_WHAT TO WORK ON_
Extract verbatim every line from the one containing "DUCATI SCRAMBLER image 6" to the final line of the records below, inclusive, and exclude all pictures.

_GIVEN DATA_
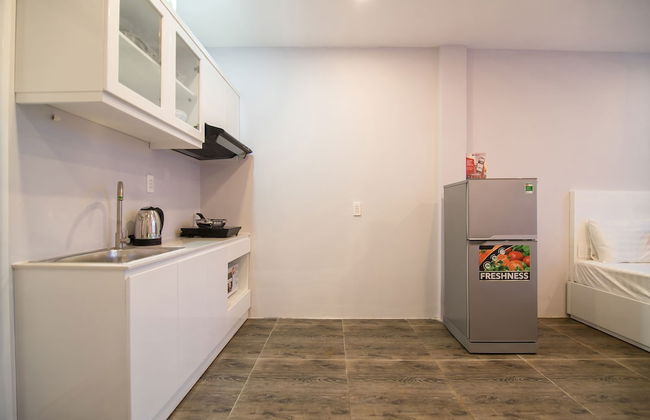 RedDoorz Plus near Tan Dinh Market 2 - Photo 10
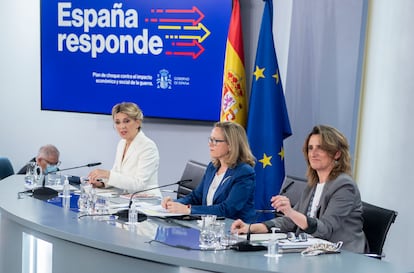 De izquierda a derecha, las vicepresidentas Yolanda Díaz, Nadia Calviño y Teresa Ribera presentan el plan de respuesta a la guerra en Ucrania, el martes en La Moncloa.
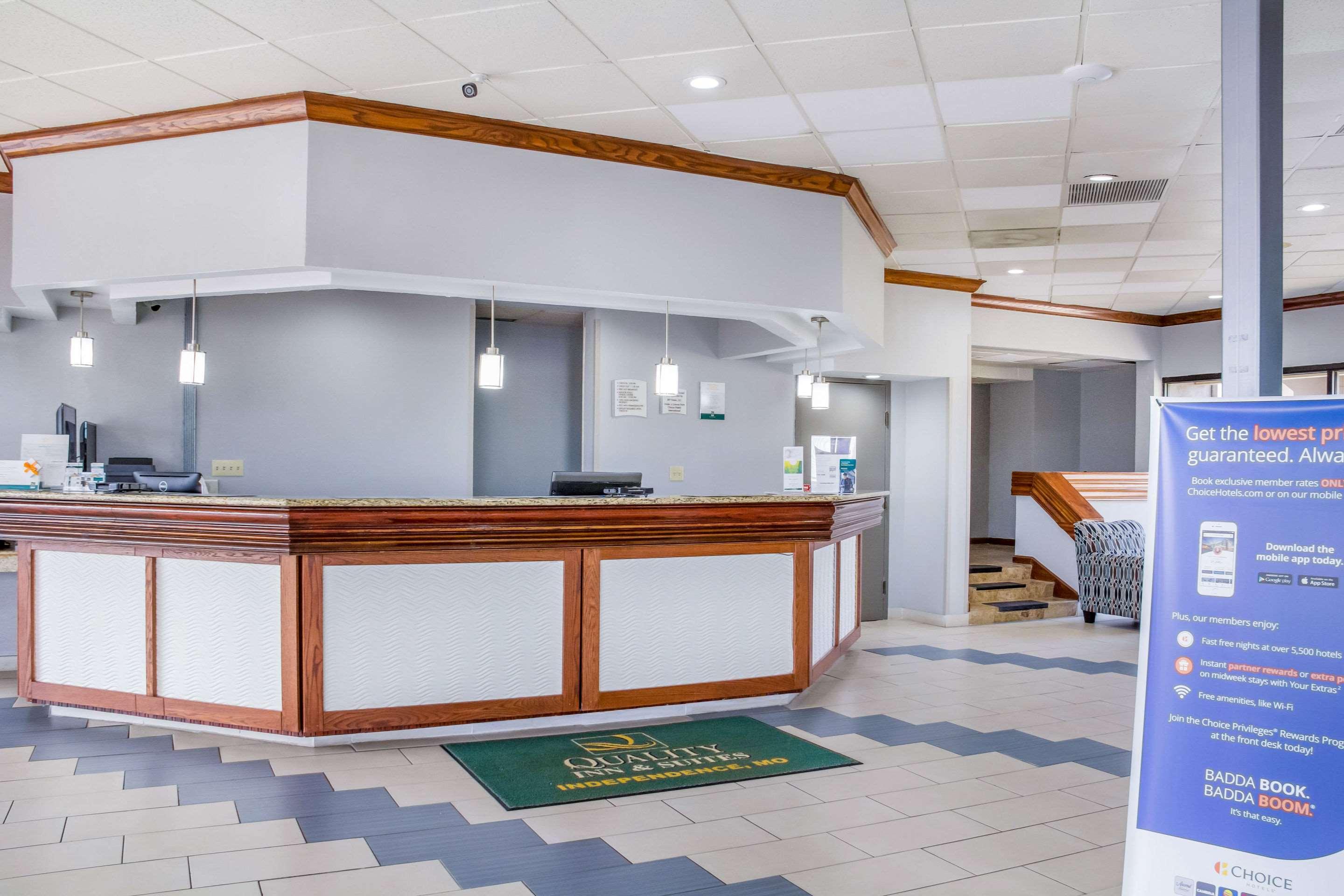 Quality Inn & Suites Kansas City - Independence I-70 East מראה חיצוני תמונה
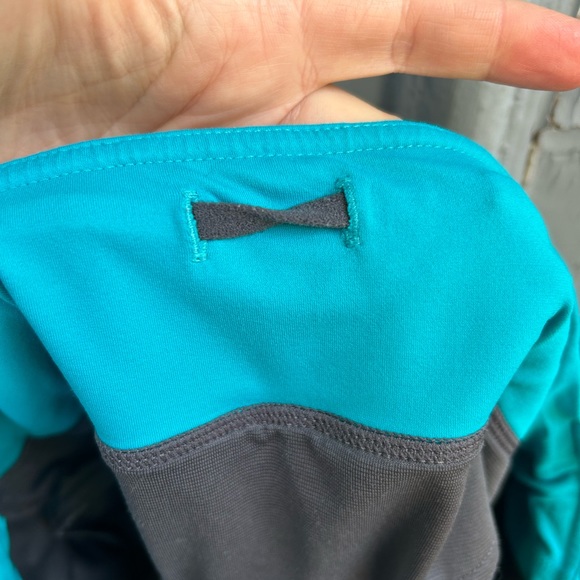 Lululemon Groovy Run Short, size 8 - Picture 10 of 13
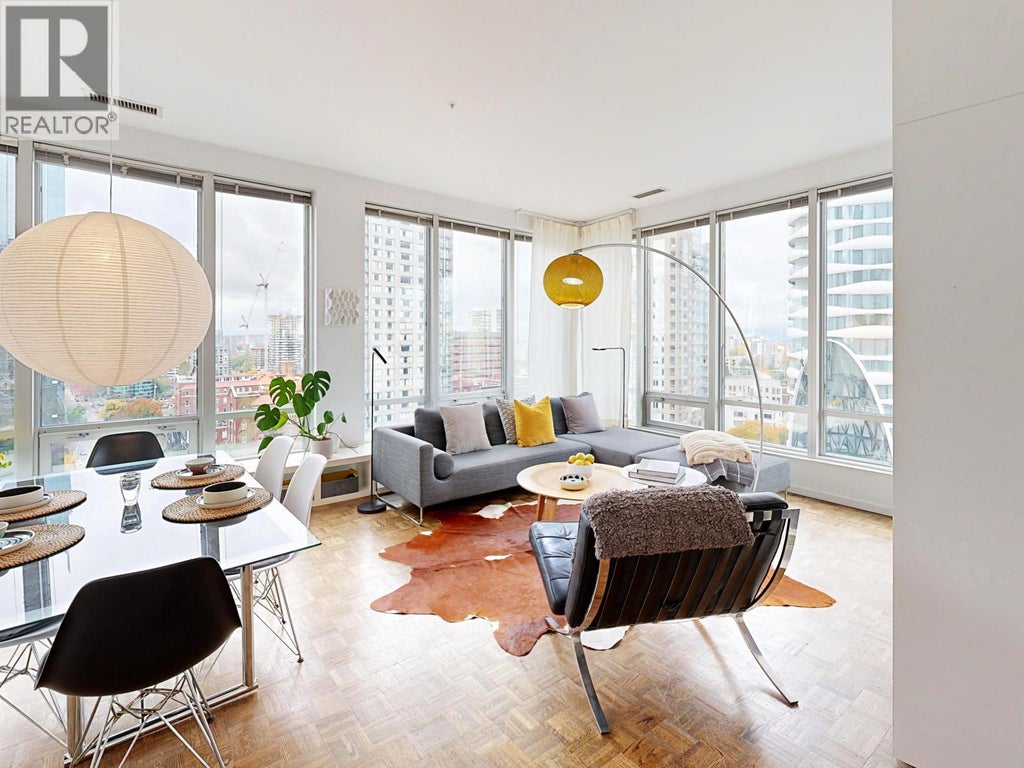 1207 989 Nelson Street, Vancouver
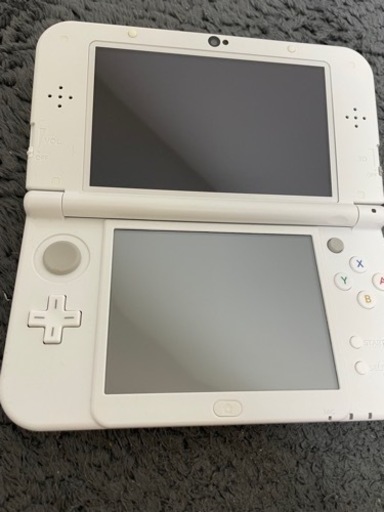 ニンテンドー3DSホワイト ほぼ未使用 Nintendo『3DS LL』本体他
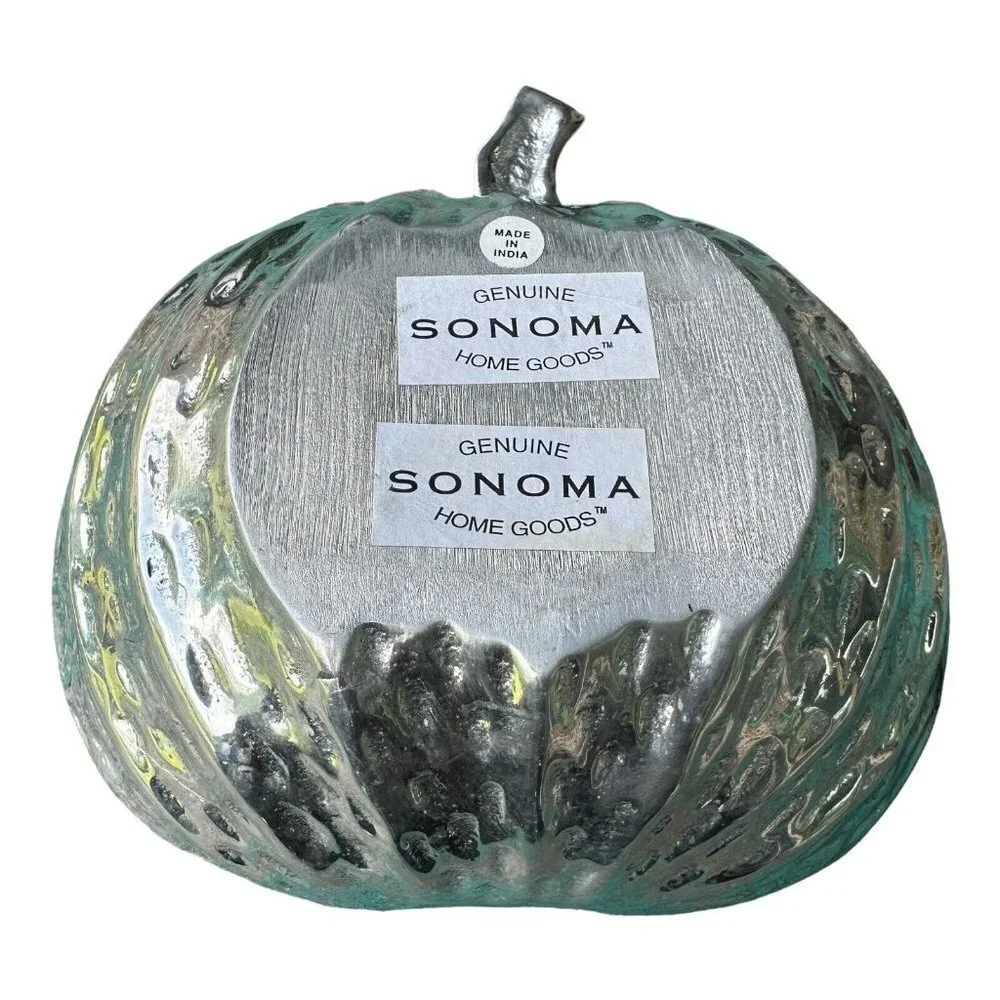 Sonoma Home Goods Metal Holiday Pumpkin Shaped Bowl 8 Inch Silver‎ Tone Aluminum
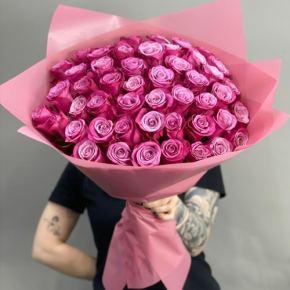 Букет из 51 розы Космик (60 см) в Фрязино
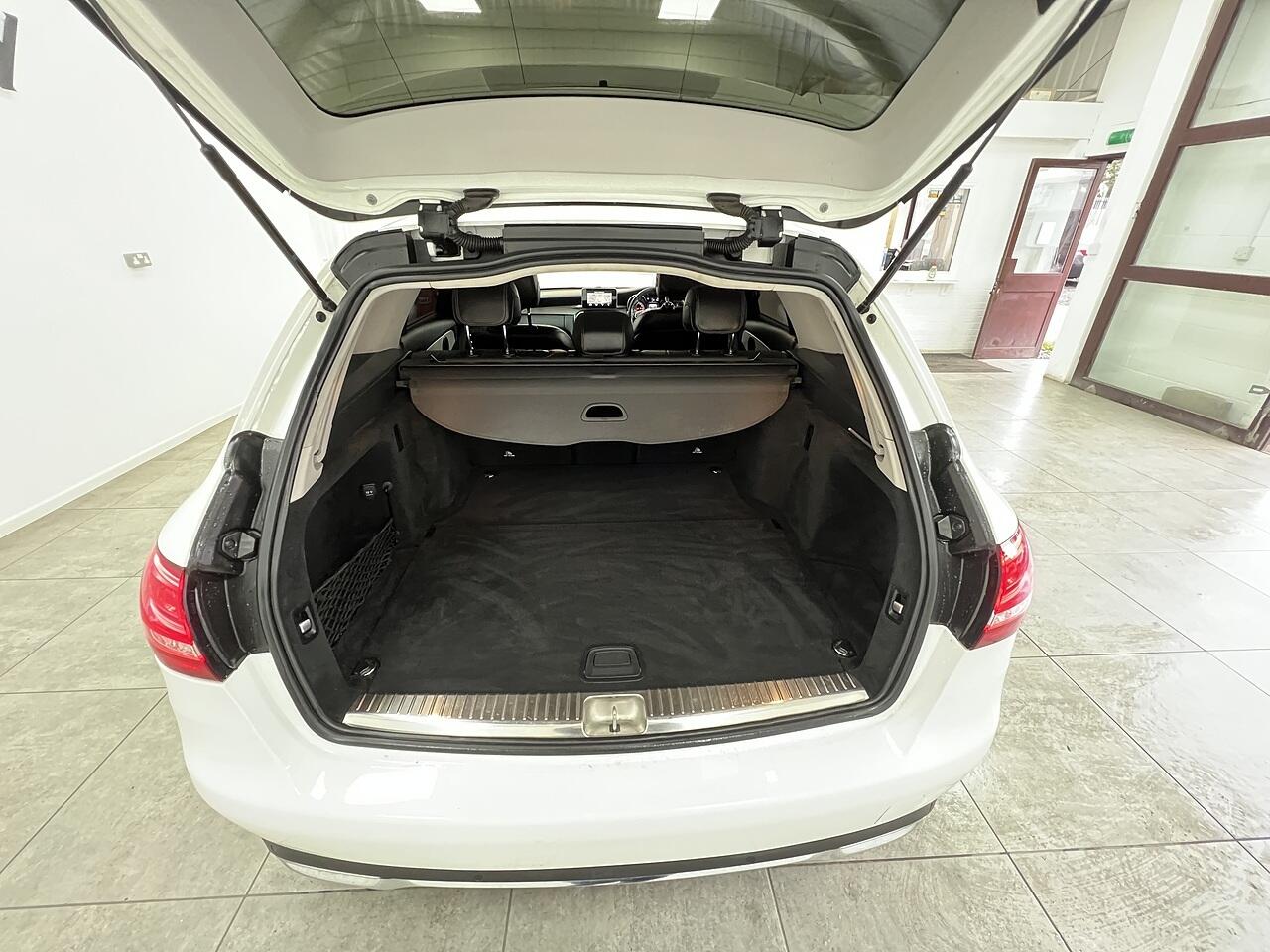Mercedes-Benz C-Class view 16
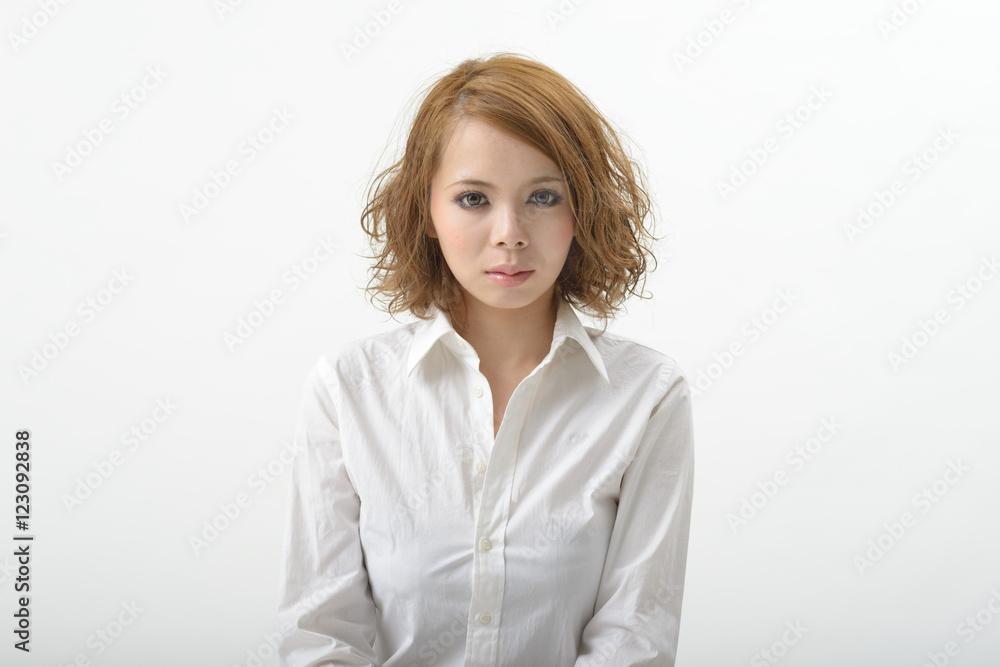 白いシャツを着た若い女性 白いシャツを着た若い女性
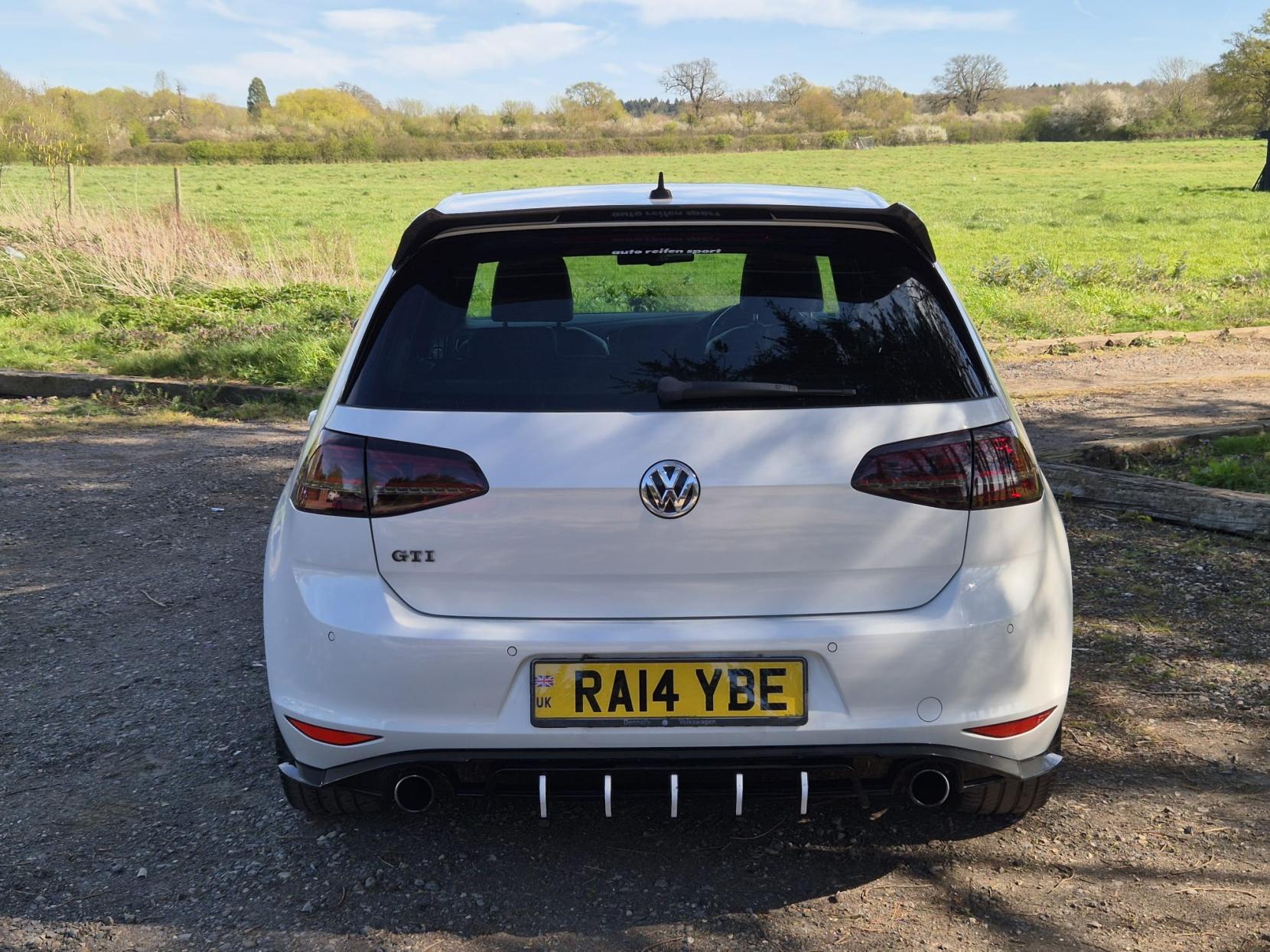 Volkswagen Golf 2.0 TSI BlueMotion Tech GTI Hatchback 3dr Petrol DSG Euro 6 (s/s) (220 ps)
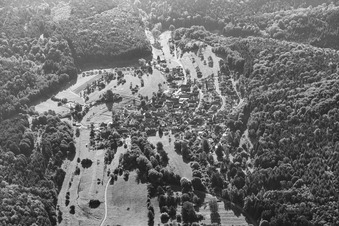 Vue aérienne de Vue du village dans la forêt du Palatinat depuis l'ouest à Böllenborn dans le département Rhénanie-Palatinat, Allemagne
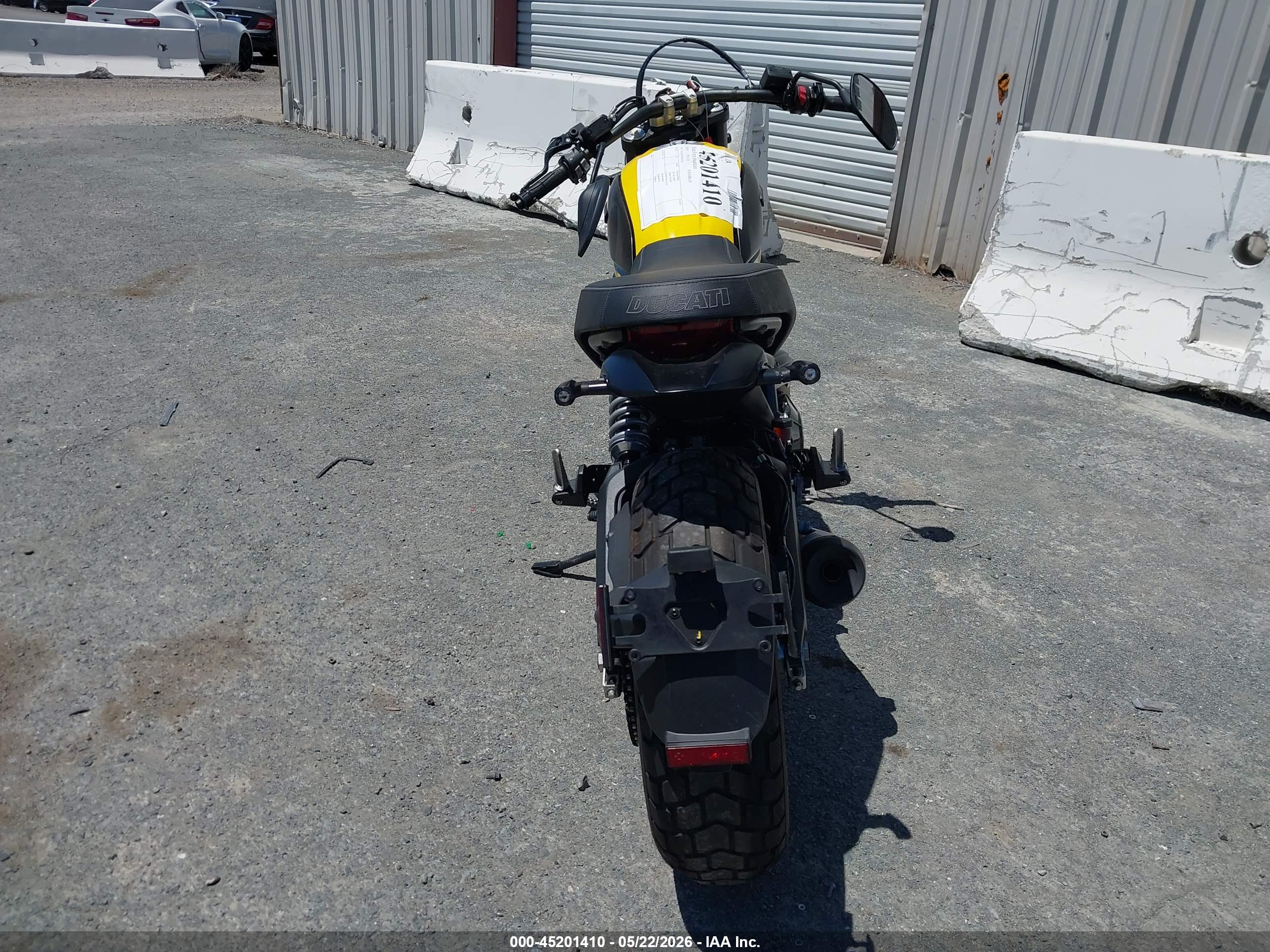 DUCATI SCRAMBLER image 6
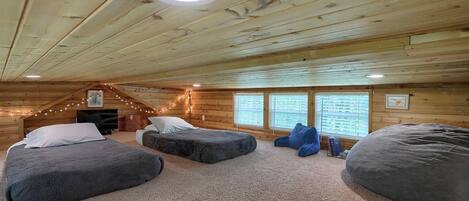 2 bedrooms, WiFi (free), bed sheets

_ANSWER SECTION_
 DUCATI SCRAMBLER image 6
 2 bedrooms, WiFi (free), bed sheets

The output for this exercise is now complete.